Il y a malheureusement quelques complications qui viennent du fait que ces objets explosent dans les galaxies, des ensembles d’étoiles pouvant contenir de la poussière, où la lumière passe à travers la poussière qui va en absorber une certaine quantité. Une quantité qui n’est pas forcément connue avec une poussière dont la nature est tout aussi inconnue.
Ce n’est pas la même poussière ici que… là-bas ?
C’est quelque chose qui n’est pas évident à priori. Quand on regarde des supernovæ exploser dans des galaxies extrêmement lointaines, on pourrait se dire que l’évolution des étoiles n’est pas aussi aboutie qu’aujourd’hui, car plus on regarde loin, plus on va regarder tôt dans le temps et on aura affaire à un Univers plus jeune. Est-ce que, dans cet Univers plus jeune, la taille des grains ne va pas être affectée par l’évolution stellaire ? On pense notamment à la quantité de métaux qui sont produits par les étoiles mais ce n’est pas la seule hypothèse. Rien n’est moins sûr et comme toute notre mesure repose justement sur la lumière qu’on reçoit, il est très important de s’assurer qu’on ne fait pas d’erreur sur cette mesure de distance.
Pourquoi veut-on avoir des mesures de distance extrêmement précises ?

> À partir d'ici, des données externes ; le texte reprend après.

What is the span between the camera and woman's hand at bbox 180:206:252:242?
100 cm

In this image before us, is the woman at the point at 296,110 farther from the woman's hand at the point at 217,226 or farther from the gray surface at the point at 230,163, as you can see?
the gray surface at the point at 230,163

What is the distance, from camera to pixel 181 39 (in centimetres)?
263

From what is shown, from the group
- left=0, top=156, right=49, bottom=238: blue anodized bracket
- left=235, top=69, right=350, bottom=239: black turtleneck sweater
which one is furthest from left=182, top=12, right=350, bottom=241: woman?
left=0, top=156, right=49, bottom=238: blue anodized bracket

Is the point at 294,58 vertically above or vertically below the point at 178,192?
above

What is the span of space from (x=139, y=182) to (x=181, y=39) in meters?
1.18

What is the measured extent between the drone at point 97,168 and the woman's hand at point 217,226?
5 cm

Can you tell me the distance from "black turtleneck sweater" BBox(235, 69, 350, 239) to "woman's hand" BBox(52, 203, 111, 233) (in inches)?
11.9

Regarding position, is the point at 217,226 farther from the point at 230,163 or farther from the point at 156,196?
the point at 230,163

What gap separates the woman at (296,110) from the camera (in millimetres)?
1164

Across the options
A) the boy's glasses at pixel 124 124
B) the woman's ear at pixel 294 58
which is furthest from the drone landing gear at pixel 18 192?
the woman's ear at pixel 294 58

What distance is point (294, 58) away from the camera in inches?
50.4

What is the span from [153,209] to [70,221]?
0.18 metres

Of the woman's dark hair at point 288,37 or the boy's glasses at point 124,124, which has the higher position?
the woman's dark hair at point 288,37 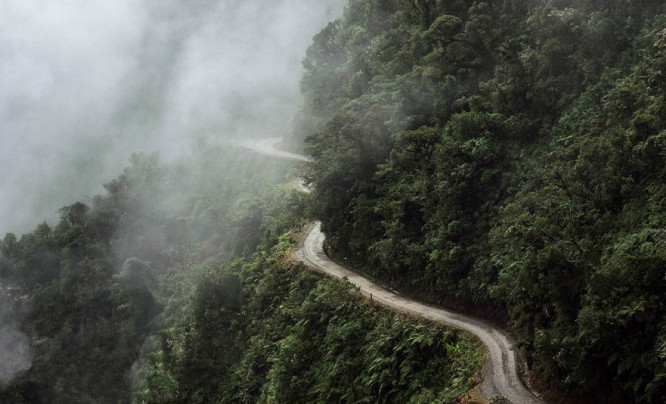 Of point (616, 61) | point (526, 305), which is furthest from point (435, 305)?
point (616, 61)

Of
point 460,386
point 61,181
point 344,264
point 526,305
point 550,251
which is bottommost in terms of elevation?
point 460,386

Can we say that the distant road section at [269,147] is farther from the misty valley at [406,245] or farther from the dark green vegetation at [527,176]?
the dark green vegetation at [527,176]

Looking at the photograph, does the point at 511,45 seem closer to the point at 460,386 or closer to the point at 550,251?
the point at 550,251

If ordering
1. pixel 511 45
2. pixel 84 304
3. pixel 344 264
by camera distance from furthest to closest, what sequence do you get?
pixel 84 304 → pixel 344 264 → pixel 511 45

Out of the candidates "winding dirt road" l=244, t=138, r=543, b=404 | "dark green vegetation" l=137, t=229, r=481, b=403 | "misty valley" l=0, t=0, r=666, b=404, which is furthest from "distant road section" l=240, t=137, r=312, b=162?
"winding dirt road" l=244, t=138, r=543, b=404

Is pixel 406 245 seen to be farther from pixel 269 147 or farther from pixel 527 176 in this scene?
pixel 269 147

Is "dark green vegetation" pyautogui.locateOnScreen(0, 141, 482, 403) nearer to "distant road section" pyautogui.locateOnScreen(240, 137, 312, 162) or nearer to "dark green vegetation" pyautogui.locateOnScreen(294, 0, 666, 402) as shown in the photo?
"distant road section" pyautogui.locateOnScreen(240, 137, 312, 162)

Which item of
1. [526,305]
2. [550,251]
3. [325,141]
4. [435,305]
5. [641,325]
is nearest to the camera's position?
[641,325] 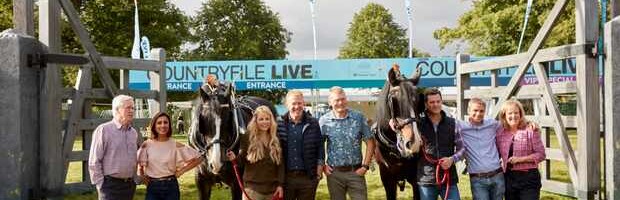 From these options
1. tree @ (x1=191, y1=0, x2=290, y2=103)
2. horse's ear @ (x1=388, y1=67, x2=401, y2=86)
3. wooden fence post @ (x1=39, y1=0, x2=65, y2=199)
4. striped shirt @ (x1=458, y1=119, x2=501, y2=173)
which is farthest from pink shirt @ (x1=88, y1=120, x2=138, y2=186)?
tree @ (x1=191, y1=0, x2=290, y2=103)

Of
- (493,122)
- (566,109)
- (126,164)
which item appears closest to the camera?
(126,164)

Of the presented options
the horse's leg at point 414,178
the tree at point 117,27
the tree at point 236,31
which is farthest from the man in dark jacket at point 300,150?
the tree at point 236,31

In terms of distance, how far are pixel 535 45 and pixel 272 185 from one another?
12.5 feet

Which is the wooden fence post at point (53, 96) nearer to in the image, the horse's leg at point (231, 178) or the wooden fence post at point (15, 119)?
the wooden fence post at point (15, 119)

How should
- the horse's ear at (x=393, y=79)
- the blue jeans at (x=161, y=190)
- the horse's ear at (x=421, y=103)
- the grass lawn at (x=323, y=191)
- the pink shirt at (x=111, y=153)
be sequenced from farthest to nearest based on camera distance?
1. the grass lawn at (x=323, y=191)
2. the horse's ear at (x=393, y=79)
3. the horse's ear at (x=421, y=103)
4. the blue jeans at (x=161, y=190)
5. the pink shirt at (x=111, y=153)

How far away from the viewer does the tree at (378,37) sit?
49125 millimetres

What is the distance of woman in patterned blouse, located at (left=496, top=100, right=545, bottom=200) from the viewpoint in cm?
532

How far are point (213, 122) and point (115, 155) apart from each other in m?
0.97

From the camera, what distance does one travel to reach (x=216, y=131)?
5.54 metres

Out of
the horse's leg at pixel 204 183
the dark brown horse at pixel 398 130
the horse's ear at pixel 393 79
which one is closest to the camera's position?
the dark brown horse at pixel 398 130

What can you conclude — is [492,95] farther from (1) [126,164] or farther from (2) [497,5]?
(2) [497,5]

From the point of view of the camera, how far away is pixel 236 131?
5727 mm

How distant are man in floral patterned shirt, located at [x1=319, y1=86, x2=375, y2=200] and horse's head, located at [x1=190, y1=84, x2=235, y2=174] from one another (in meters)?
0.90

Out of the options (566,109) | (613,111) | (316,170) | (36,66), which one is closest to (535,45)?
(613,111) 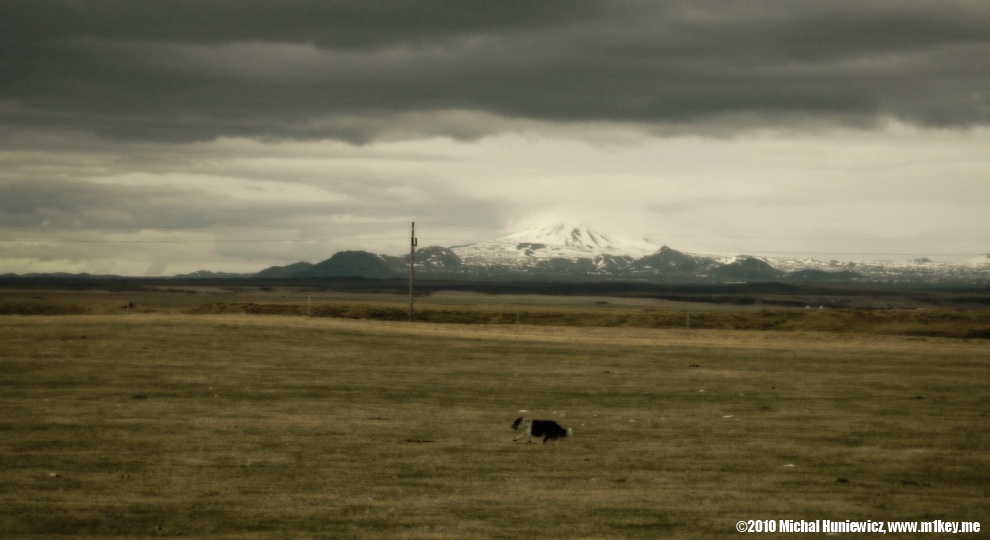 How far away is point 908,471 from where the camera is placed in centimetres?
1983

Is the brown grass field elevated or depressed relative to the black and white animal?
depressed

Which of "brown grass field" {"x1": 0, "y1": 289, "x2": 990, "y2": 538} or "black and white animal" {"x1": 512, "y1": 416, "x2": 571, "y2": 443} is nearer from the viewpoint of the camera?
"brown grass field" {"x1": 0, "y1": 289, "x2": 990, "y2": 538}

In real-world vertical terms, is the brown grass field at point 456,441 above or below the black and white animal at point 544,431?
below

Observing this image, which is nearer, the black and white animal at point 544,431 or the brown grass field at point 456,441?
the brown grass field at point 456,441

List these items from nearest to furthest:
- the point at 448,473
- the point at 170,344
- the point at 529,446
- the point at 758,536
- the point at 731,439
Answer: the point at 758,536 < the point at 448,473 < the point at 529,446 < the point at 731,439 < the point at 170,344

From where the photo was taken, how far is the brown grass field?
15.7m

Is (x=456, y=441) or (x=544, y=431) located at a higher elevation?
(x=544, y=431)

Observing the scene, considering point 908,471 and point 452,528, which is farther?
point 908,471

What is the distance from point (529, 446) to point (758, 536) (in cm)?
860

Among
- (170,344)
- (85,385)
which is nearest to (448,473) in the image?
(85,385)

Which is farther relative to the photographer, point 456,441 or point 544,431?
point 456,441

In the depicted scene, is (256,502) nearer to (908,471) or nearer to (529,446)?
(529,446)

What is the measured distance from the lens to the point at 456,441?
23.7m

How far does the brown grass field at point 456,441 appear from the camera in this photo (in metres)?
15.7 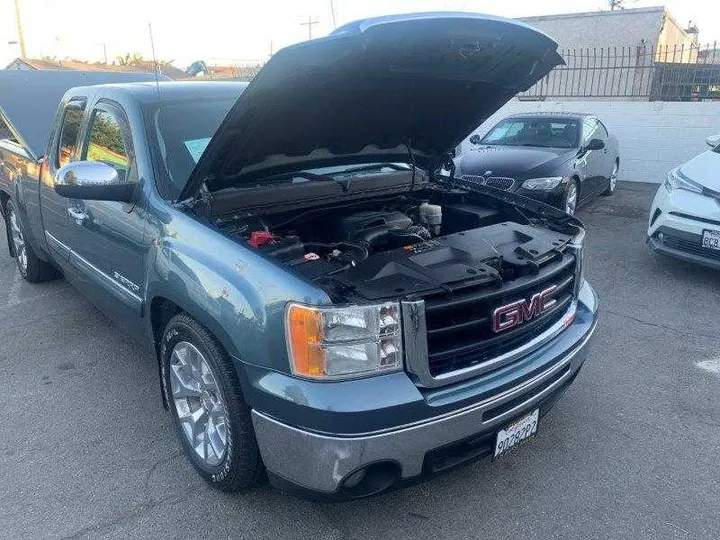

Tout simplement parce-qu’on a observé expérimentalement que plus les supernovæ sont lointaines, moins elles sont lumineuses. Ça on s’y attendait, mais en même temps on s’est aperçu qu’elles étaient moins lumineuses que ce à quoi on s’attendait. L’interprétation est en terme d’expansion de l’Univers ; cette expansion qui va en s’accélérant est un résultat tout à fait incompris. Alors il est très important pour consolider ce résultat d’être sûr de notre mesure et, donc, que ces effets de poussières sont bien compris.
Vous avez parlé de « supernova de type Ia », cela veut dire qu’il y a plusieurs types ?
Il y a une grande zoologie de supernovæ. En fait, il existe deux grandes classes de supernovæ : les supernovæ de type Ia résultent de gigantesques explosions thermonucléaires qui ont lieux dans l’espace et qui s’observent. On les appelle « I » parce-qu’elles n’ont pas d’hydrogène observé. Les supernovæ de type II sont celles qui ont de l’hydrogène observé.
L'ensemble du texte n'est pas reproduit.